Some of the Eastern Orthodox blame it on Augustine (not "Saint" Augustine in their reckoning). Some blame Jerome for the Latin Vulgate's allegedly careless rendering into Latin of a key prooftext, influencing western thought on the topic ever since. Whatever the case, the Eastern Church and the Western Church took different paths very early over the issue of "original sin". Many in the west took the view that guilt itself is inherited through generations; this is without sound Scriptural basis and is being openly questioned even in many Western Christian circles.

But the doctrine that we are born imperfect (sinful) is commonplace -- and not just within Christianity. The Hindus teach rebirth after rebirth on a path towards our true and pure spiritual state -- the upshot of which is that we are far from that now. The Buddhist stance that we need enlightenment and that we should strive after right thinking, etc. stands testimony to a view that naturally we are comparatively in the dark and don't even think straight. The Taoist emphasis on the Way makes its own comment about how often we're on the wrong path. Confucius' constant examination of the ideal man, the gentleman or benevolent man, includes a lament that he has never met one. The ever-growing self-help/self-improvement sections of the book stores reflect the widely-held assessment that we are not what we should be. All the religions mentioned here have a teaching of how we are meant to be, what we are meant to become -- and imply how sadly and tragically and even dangerously we are less than that. This is "original sin" in the Orthodox sense, possible in the original sense: being sinful or separated from God.

Want a test for how far off the mark we are?
Love the Lord your God with all your heart, mind, soul, and strength; love your neighbor as yourself."

Did you ever notice that, if this were really the fullness of our desires in life, we would always be glad? When would we ever lack a source of joy if this love filled us? What part would boredom or apathy have in our days? Mediocrity, pettiness, loneliness and futility would be banished. Would we even recognize our lives if it were characterized by a deep-rooted love of all around us?
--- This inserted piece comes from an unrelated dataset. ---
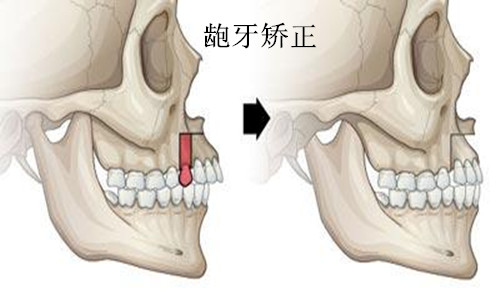 龅牙矫正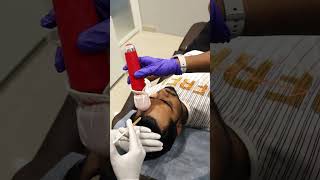 Hair FallGrowth Treatment in Coimbatore coimbatore covai haircare hairlosstreatment [upl. by Cope]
I would not comment on "original sin" to make anyone feel bad about how they are. On a basic level, people recognize the fact of being less than we were meant to be.
To think that this is actually how God intended us strays dangerously close to blasphemy against the creator. The "total depravity" doctrine of some circles is an acknowledgment of how low mankind can and will sink when it turns wholeheartedly away from God. An honest and humble survey of every life I know shows not just the scars of sins done by others, but the shame of those we ourselves have done to the harm of others. Rightly taught, "original sin" gives genuine hope that this is not all there is to humanity, that in the future there will be a restoration. That we hope for something better requires an admission that something is wrong here and now.


Morgaine said...

There's something else all of those traditions you mentioned have in common - they are all patriarchal. I don't believe that there is anything inherently wrong or bad in us. I am a part of Goddess, not apart from her. I'm here to enjoy the experience of being human, being in this body, and as I grow and learn I make Her stronger as well. No original sin, no threat of damnation, just a commitment to Harm None and a peaceful return to the Summerland later. No guilt, no sin, no paranoia, no repression - just love.

Weekend Fisher said...

Where to start? Have you ever read the Hitchhikers Guide series? When the earther finds out that the entry for Planet Earth is that it is "harmless", he is offended at being damned by such faint praise; I've found it a puzzle why anyone would see "harmlessness" as a lofty goal. Neither is there much explanation given here in your thoughts as to why, if there is nothing wrong with the state of our hearts, it is demonstrably true that people don't even attain to the bottom-rung goal of mere harmlessness. If someone were to harm another, would you disagree that "guilt" is an appropriate response? Is it right or wrong to "repress" the wish to harm others? If you were already fully part of the Divine, then where would there be room for growth? If there's no room for damnation, do Hitler and Stalin and Pol Pot get into the "Summerland" later? The worldview you espouse -- with a view not to harm but no allowance for guilt for harming others, repressing the wish to harm others, or damning those who are unswerving in their wish to harm others -- is not fully consistent.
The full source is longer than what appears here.